AgentSkillsCN

oasis-score

为 MIMIC-IV 数据库中的 ICU 患者计算 OASIS(牛津急性疾病严重程度评分)。适用于在 APACHE/SAPS 等评分体系中使用更少变量进行死亡率预测,或在实验室数据有限时使用。

SKILL.md
--- frontmatter
name: oasis-score
description: Calculate OASIS (Oxford Acute Severity of Illness Score) for ICU patients in MIMIC-IV. Use for mortality prediction with fewer variables than APACHE/SAPS, or when lab data is limited.
license: Apache-2.0
metadata:
  author: m4-clinical-extraction
  version: "1.0"
  database: mimic-iv
  category: severity-scores
  source: https://github.com/MIT-LCP/mimic-code/tree/main/mimic-iv/concepts/score
  validated: true

OASIS Score Calculation

The Oxford Acute Severity of Illness Score (OASIS) is a parsimonious severity score that achieves comparable predictive accuracy to APACHE using fewer variables. It does not require laboratory values, making it useful when lab data is missing.

When to Use This Skill

  • Mortality prediction when lab data is incomplete
  • Quick severity assessment with minimal variables
  • Real-time severity scoring (no lab turnaround time)
  • Research requiring a validated, simple severity metric
  • Comparison with APACHE/SAPS scores

Score Components (First 24 Hours)

VariableRangePoints
Age<24 to >=900-9
Pre-ICU LOS<10 min to >=18708 min0-5
GCS<=7 to >=150-10
Heart Rate<33 to >1250-6
Mean BP<20.65 to >143.440-4
Respiratory Rate<6 to >440-10
Temperature<33.22 to >39.88 C0-6
Urine Output<671 to >6897 mL/day0-10
Mechanical VentilationYes/No0 or 9
Elective SurgeryYes/No0 or 6

Total Range: 0-67 (theoretical maximum)

Pre-computed Table

sql
SELECT
    subject_id,
    hadm_id,
    stay_id,
    oasis,
    oasis_prob,  -- Predicted in-hospital mortality
    age, age_score,
    preiculos, preiculos_score,
    gcs, gcs_score,
    heartrate, heart_rate_score,
    meanbp, mbp_score,
    resprate, resp_rate_score,
    temp, temp_score,
    urineoutput, urineoutput_score,
    mechvent, mechvent_score,
    electivesurgery, electivesurgery_score
FROM mimiciv_derived.oasis;

Critical Implementation Notes

  1. No Laboratory Values Required: OASIS uses only vital signs, urine output, and administrative data - no labs needed.
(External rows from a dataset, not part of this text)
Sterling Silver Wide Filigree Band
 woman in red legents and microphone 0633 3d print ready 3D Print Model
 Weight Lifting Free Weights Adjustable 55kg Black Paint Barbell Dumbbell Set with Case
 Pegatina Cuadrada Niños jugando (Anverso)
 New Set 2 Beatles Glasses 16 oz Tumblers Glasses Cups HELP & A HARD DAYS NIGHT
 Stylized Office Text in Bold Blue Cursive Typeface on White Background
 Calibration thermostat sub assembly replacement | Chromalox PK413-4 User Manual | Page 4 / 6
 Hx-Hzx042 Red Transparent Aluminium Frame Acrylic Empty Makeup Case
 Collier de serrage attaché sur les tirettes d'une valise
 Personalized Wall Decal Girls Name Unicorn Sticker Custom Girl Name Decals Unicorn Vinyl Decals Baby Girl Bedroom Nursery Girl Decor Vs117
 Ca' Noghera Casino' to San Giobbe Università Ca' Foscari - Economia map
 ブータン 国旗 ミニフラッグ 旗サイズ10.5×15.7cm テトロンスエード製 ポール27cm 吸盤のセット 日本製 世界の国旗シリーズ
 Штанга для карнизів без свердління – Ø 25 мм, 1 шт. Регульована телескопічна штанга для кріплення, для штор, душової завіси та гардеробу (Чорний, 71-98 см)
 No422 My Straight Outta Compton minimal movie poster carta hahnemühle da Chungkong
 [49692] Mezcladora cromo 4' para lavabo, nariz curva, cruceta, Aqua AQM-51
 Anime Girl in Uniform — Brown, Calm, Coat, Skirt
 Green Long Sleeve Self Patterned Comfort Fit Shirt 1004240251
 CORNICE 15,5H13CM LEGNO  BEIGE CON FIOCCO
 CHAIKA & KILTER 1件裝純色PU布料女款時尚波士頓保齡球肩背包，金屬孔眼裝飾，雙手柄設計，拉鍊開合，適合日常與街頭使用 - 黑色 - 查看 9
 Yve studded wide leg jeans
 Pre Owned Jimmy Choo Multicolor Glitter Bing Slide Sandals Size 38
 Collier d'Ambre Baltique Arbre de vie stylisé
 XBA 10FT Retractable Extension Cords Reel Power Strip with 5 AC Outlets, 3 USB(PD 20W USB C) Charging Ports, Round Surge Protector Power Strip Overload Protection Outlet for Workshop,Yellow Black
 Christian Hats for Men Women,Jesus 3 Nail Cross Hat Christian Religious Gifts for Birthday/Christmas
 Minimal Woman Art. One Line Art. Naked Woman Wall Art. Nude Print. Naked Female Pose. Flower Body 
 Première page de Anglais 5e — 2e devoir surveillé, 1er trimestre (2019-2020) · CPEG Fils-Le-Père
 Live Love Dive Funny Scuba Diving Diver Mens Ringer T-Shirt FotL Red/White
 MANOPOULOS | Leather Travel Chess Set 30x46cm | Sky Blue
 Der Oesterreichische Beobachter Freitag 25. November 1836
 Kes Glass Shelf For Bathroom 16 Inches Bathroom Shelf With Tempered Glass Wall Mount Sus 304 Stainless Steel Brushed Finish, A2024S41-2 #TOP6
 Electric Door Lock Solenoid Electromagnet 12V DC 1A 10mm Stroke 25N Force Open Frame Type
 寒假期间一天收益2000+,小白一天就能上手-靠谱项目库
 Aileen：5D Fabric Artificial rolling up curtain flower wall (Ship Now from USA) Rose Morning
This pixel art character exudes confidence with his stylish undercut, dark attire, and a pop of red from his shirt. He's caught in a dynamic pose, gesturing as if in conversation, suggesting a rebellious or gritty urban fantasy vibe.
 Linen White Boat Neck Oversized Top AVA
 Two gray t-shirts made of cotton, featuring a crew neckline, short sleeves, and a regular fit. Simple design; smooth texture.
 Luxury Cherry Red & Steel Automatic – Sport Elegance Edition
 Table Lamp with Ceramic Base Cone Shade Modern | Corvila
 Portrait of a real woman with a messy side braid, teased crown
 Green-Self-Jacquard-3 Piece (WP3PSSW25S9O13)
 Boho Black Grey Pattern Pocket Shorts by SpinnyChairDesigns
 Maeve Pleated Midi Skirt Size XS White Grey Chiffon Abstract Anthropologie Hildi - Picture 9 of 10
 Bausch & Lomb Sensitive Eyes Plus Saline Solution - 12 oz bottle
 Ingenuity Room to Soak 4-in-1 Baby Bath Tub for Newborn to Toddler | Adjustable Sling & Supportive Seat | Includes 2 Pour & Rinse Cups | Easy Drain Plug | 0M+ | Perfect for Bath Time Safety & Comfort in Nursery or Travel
  2. Pre-ICU LOS Scoring: Time from hospital admission to ICU admission in minutes. Scoring is non-linear:

    • < 10.2 min: 5 points (immediate ICU)
    • 10.2-297 min: 3 points
    • 297-1440 min: 0 points (optimal)
    • 1440-18708 min: 2 points
    • 18708 min: 1 point

  3. Mechanical Ventilation: Binary flag - any invasive ventilation during first 24 hours scores 9 points.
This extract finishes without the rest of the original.